Mark Ishaug Addresses Housing First Partners Conference in Chicago, IL on Supportive Services, Supported Housing, and Giraffes
Housing First Partners Conference
March 13, 2014
Good afternoon everyone. It is an honor and a privilege to be with you today.
My name is Mark Ishaug, and I am the CEO of Thresholds, Illinois’s largest and oldest community mental health organization. Since 1959, we have provided home, health, and hope to thousands of people with severe mental illnesses and other complicated challenges. Our research, employment, advocacy, care, and housing programs help people reach for and achieve recovery.
I am a huge fan of Housing First.
In fact, when I came to Thresholds two years ago and tried to get my head around all the cool stuff we do, it was crystal clear it all starts with housing. It always does.
So when I got the chance to help rebrand the organization and design a new logo, here is what we came up with:
I am also a huge fan of supportive services. The evidence is unequivocal. Support services work! They help people find and keep housing, finish school and find employment, secure and maintain benefits, improve the patient experience, improve health outcomes, and save the system money.
Housing and supportive services are a more humane and cheaper alternative to that which we are paying for today—jails, prisons, nursing homes and unnecessary hospitalization.
So as you can tell, I was asked—and tasked—to talk for 10 minutes about Housing First and Supportive Services.
I actually already gave a pretty good talk on the subject late last year.
So, instead I am going to talk about giraffes. Yep, giraffes.
Earlier this year I served on a panel discussing the future of the nonprofit sector and private philanthropy. The key note speaker was Sterling Speirn, the former CEO of the Kellogg Foundation, one of the country’s largest, most innovative and effective private foundations. And Sterling is a superstar.
He quoted another observer and critic of American philanthropy, Waldemar Neilson, who said of private foundations: “like the giraffe, they could not possibly exist, but they do.”

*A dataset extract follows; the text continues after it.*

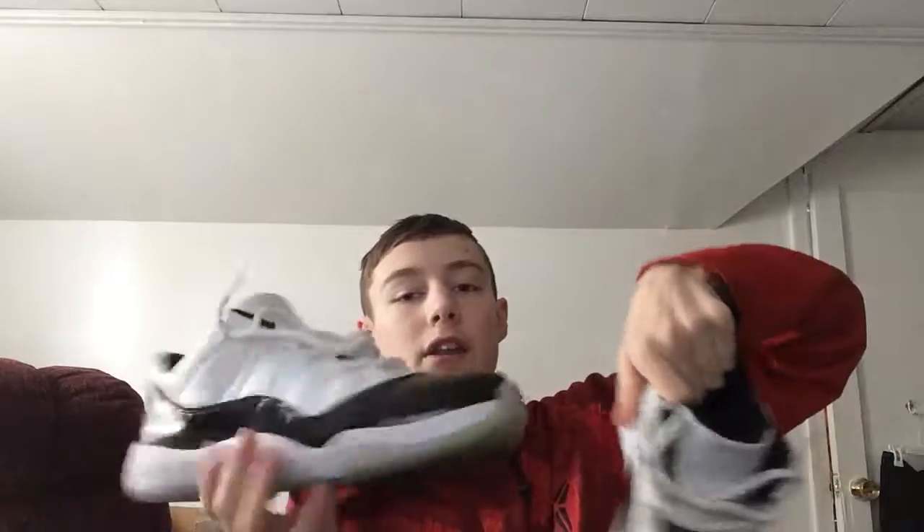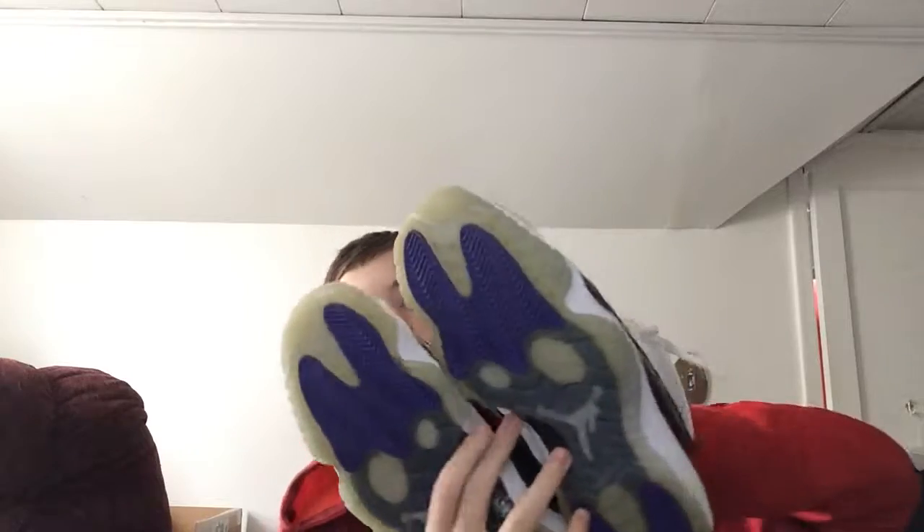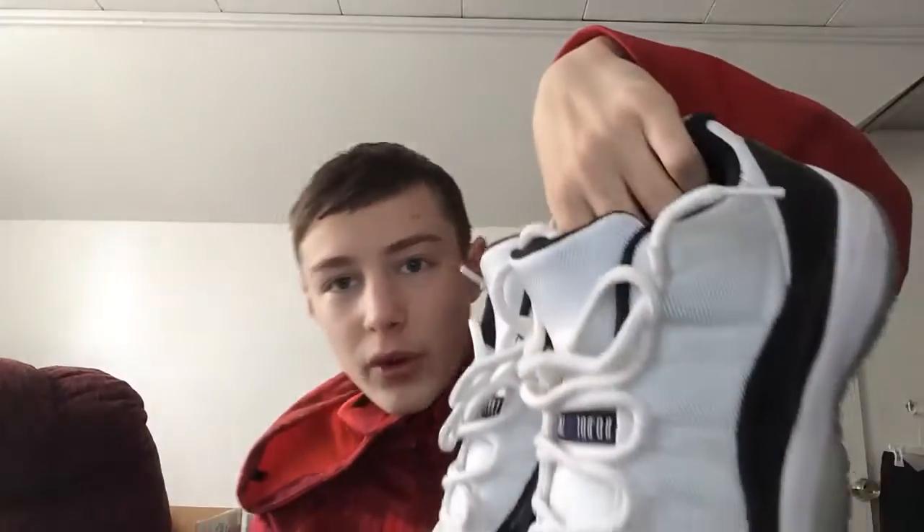Anyway guys, that's gonna wrap this one up. Hope you all enjoyed. Let me know what you think of these — good deal, good condition, nice looking shoe for only $120. He's getting his Jordan collection up and he's going to be buying a lot of Jordans off of me soon. Look forward to more in the future — I'll see you next time, peace.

Sterling went on to say that many private foundations are like giraffes, because:
1. They always seem to be looking down on you.
2. They feel like they are sticking their necks out for you.
3. They couldn’t be more ill-equipped in their earnest attempts to work at the grassroots level.
He implored private foundations to find a better and more appropriate mascot.
So was Sterling criticizing private foundations, or giraffes, or both? He really got my Irish up. I am half Norwegian, but I can’t say he got my Norwegian up! He got my Irish because I love giraffes. I worked and lived in Africa for several years, and I came to love these animals. Love them! Nobody is gonna mess with giraffes when I am around.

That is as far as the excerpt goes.